Son bir haftadır Adıyaman’da sivil toplum örgütlerini ziyaret ederek, 28 Şubat post modern darbenin yıl döneminde yapacakları etkinlik için destek arayışlarına giren Adıyaman Genç İmam Hatipliler Platformu’nun (AGİP’in) üyeleri, STK’lardan tam destek alıyorlar.
Şimdiye kadar hiçbir platformun gerçekleştirmediği bir etkinliğe imza atmaya çalışan Adıyaman Genç İmam Hatipliler Platformu’nun (AGİP’in) üyeleri, gerçekleştirecekleri etkinlikte tüm Adıyamanlıları buluşturmayı hedefliyorlar.
“Yapılan olaylar birer darbe girişimidir”

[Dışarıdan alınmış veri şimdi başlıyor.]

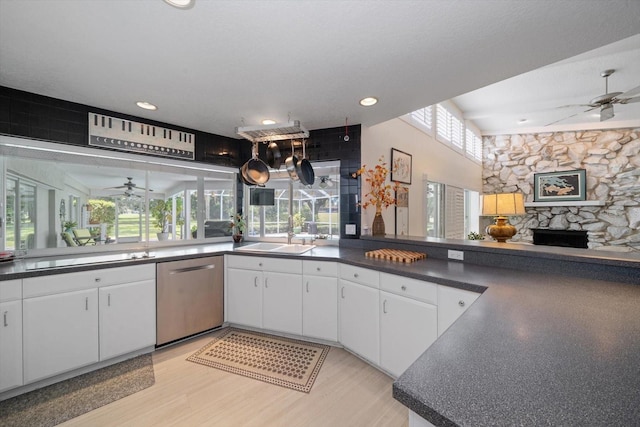 kitchen with dishwasher, light hardwood / wood-style floors, white cabinetry, ceiling fan, and a stone fireplace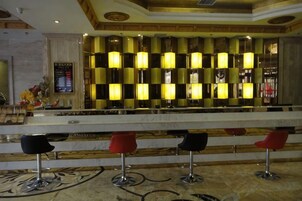 Un vestíbulo de hotel con una mesa de recepción, mostrador de registro y tres taburetes rojos.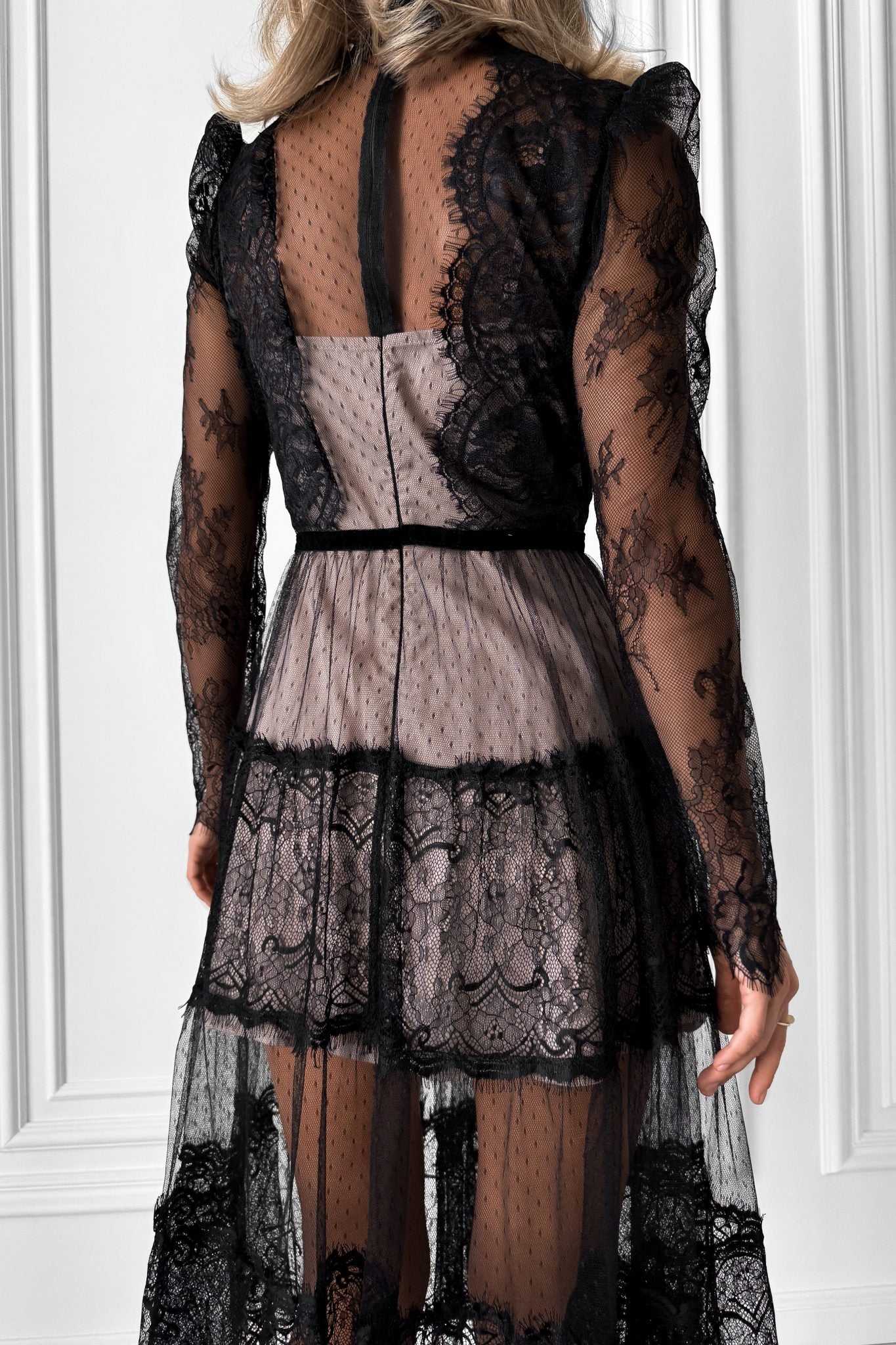 Elegant transparent lace dress with beige lining.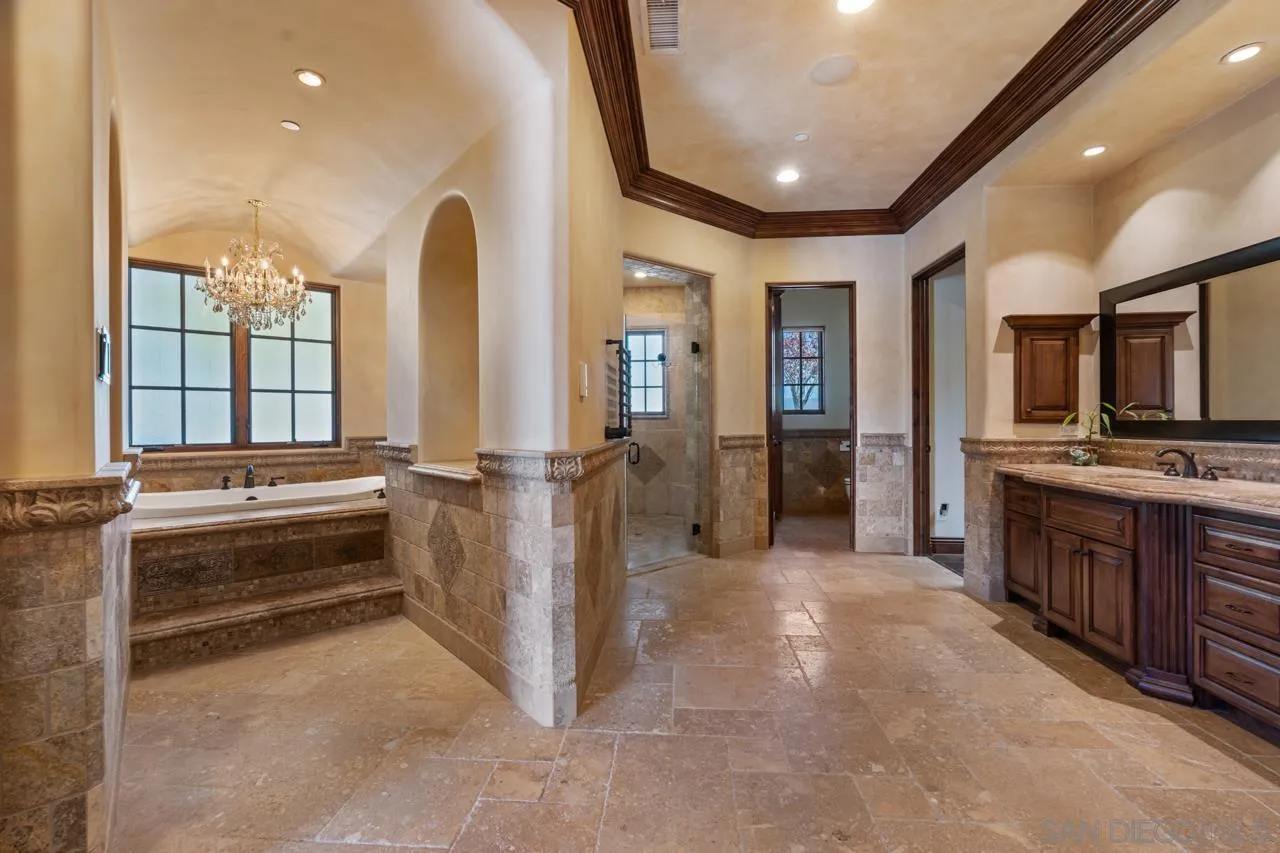 19612 Rangeland Road Ramona, CA 92065 - Photo 47 of 65 a large room with a large window and stainless steel appliances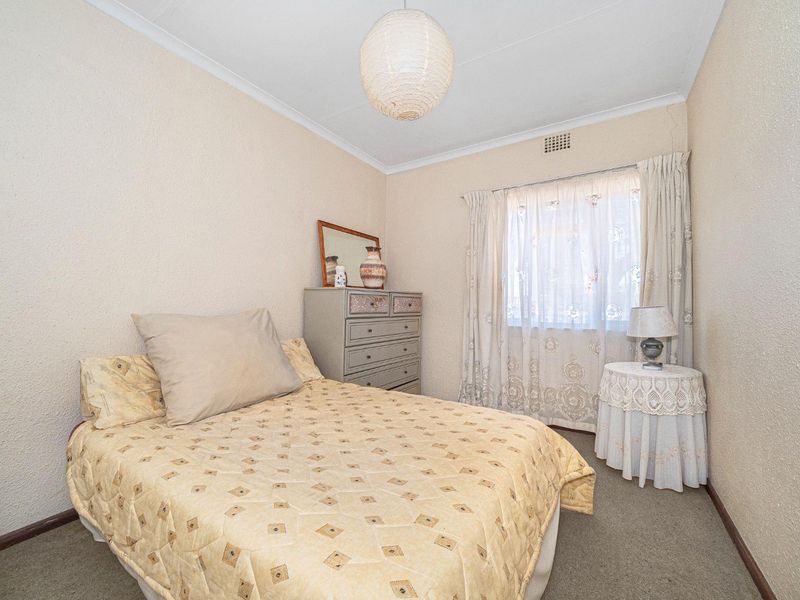 A compact bedroom featuring carpeted flooring, a ceiling vent, and coving, with visible wall plaster cracking requiring maintenance.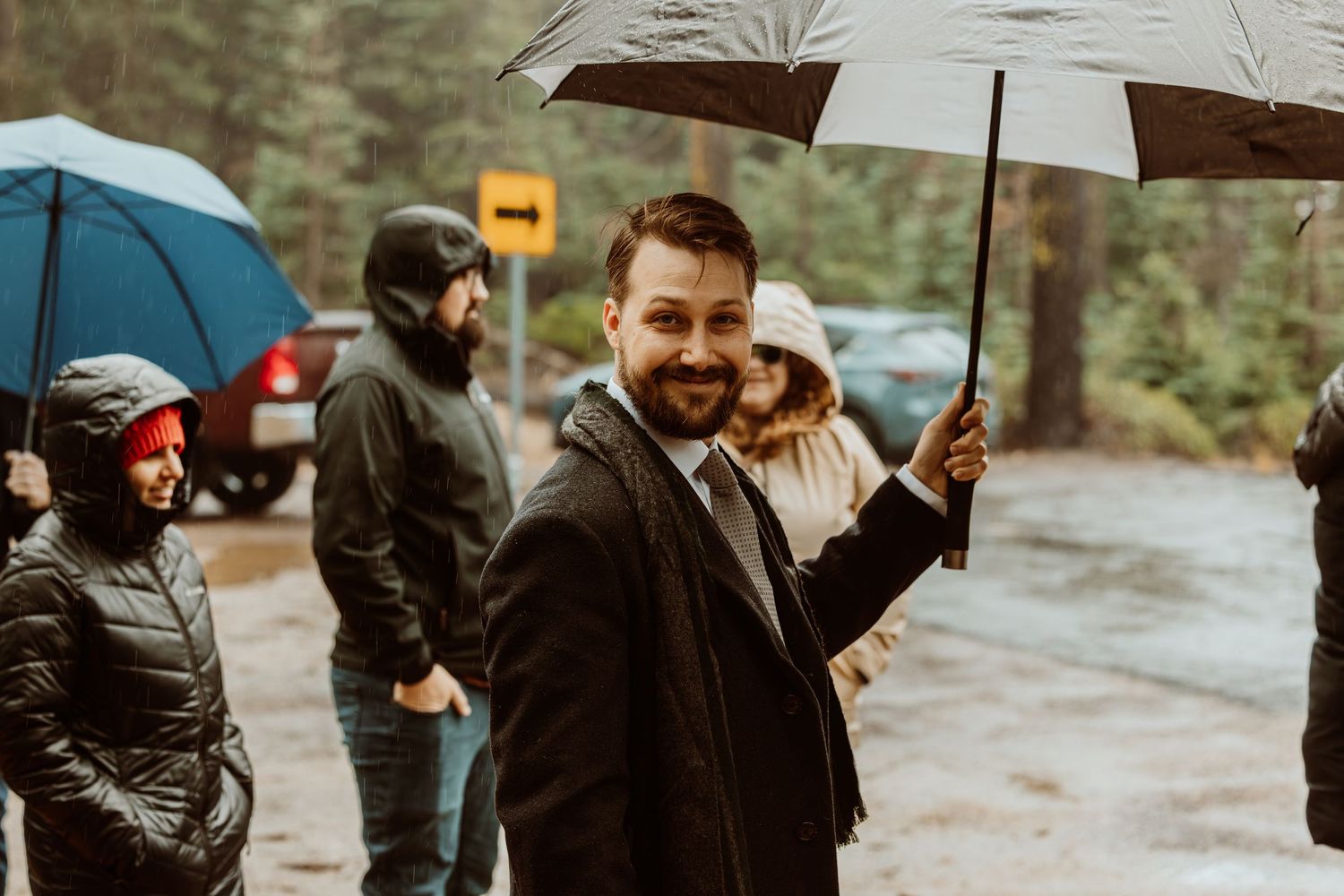 Smiling bearded man in dark suit holds clear umbrella while guests gather in rainy wooded setting.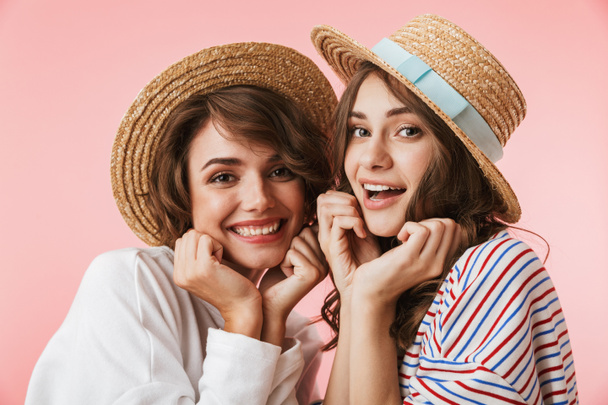 Image of funny cute young women friends posing isolated over pink background. - Φωτογραφία, εικόνα
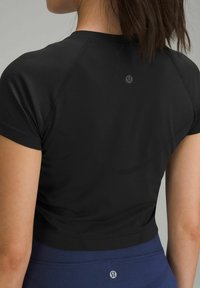 Zwart sporttop met korte mouwen, met een gladde textuur en een subtiele logo op de rug. Gecombineerd met blauwe high-waisted leggings.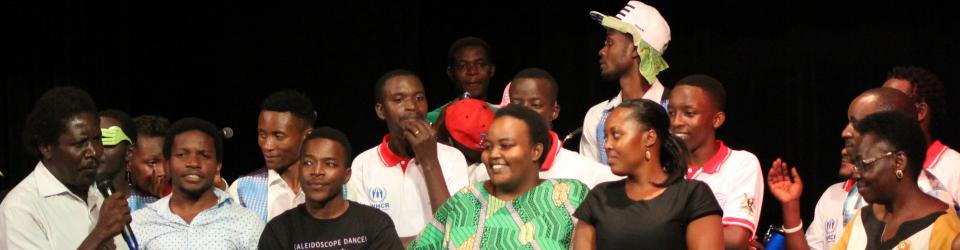 The Dean, School of Liberal and Performing Arts, Assoc. Prof. Patrick Mangeni (R), with some of the trainers and performers at the National Theatre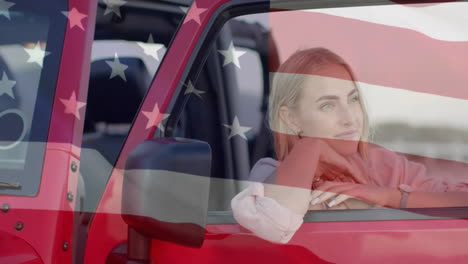 animation of flag of usa over caucasian woman by car on beach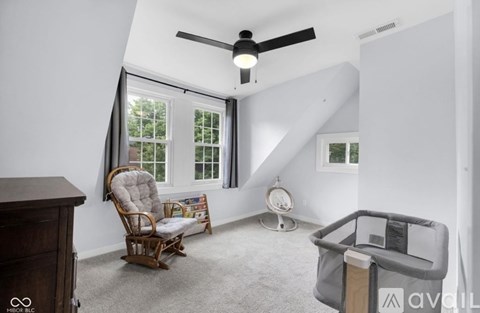 A living room with a rocking chair and a baby crib.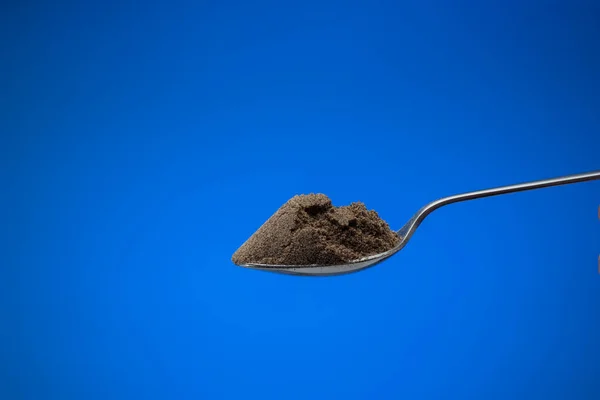 Finely Ground Black Pepper Powder Small Silver Spoon Close Studio — Stock Photo, Image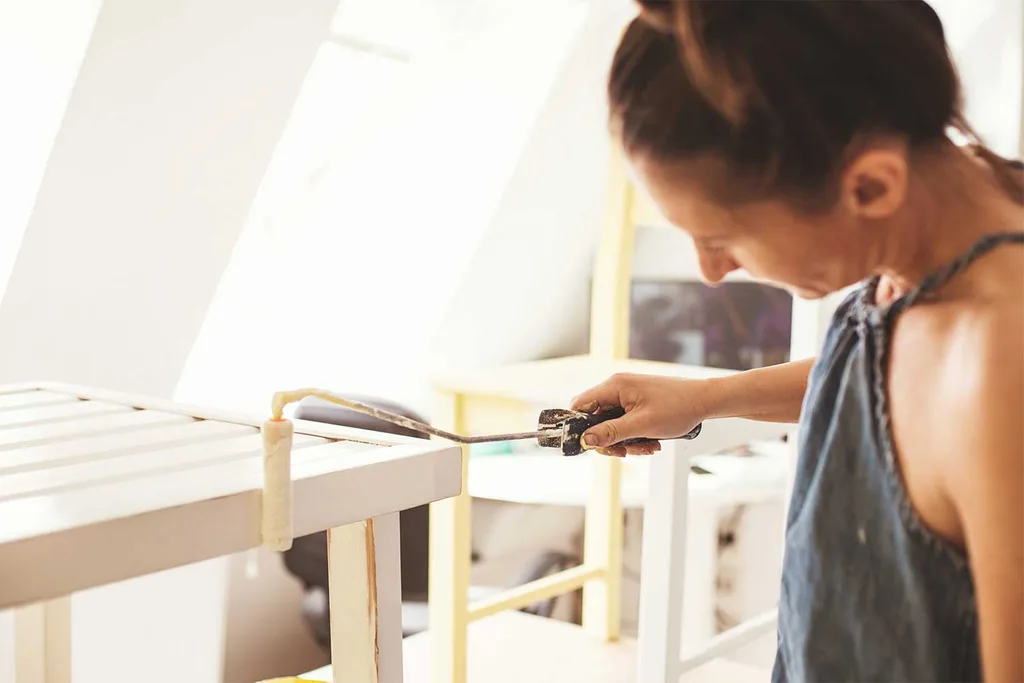 Woman painting table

Adıyaman Genç İmam Hatipliler Platformu’nun (AGİP’in) bugüne kadar 28 Şubat post modern darbesine yönelik oluşturulan tek platform olduğunu söyleyen İHD Adıyaman Şube Başkanı Av. Osman Süzen, “Bu platformun özelikle 28 Şubat post modern darbesinin mağduriyetini yaşayan İmam Hatip Lisesi öğrencilerinden oluşması, 28 Şubat sürecinin üzerinden çok uzun yıllar geçse de o mağduriyeti yaşayan insanların halen o mağduriyetin etkisinde olduklarını gösteriyor. AGİP’in ilimizde kurulmasını çok önemli bir girişim olarak görüyorum. Türkiye’de insanların bütün darbelere karşı duruşuyla bir daha darbelerin yaşanamayacağını düşünüyoruz. Eğer halk 28 Şubat sürecinde biraz da olsa sesini yükseltebilmiş olsaydı, bugün 28 Şubat sürecinin mağduriyeti yaşatmazdı. Bu anlamda tüm darbelere karşı çıkmak gerekir. Ayrıca 28 Şubat süreci de zaten yargıda olan bir süreç. Bilindiği gibi 28 Şubat sürecinde darbeyi düzenleyen, süreci başlatan yetkililer gözaltına alındılar ve tutuklandılar. Ama gün geçtikçe o tutuklamalardan, soruşturmalardan bir şey çıkmayacağı anlaşılıyor. Bu durumu soruşturmayan bir iktidarın, kendisine darbe girişimi olacağı kaçınılmazdır. Bu nedenle bu darbeyi yapanların cezalandırılması gerekir. Eğer darbeciler cezalandırılmazlarsa bugün yaşadığımız sorunlar sürekli karşımıza çıkacaktır. Çünkü yapılan olaylar bir darbe girişimidir” diye konuştu.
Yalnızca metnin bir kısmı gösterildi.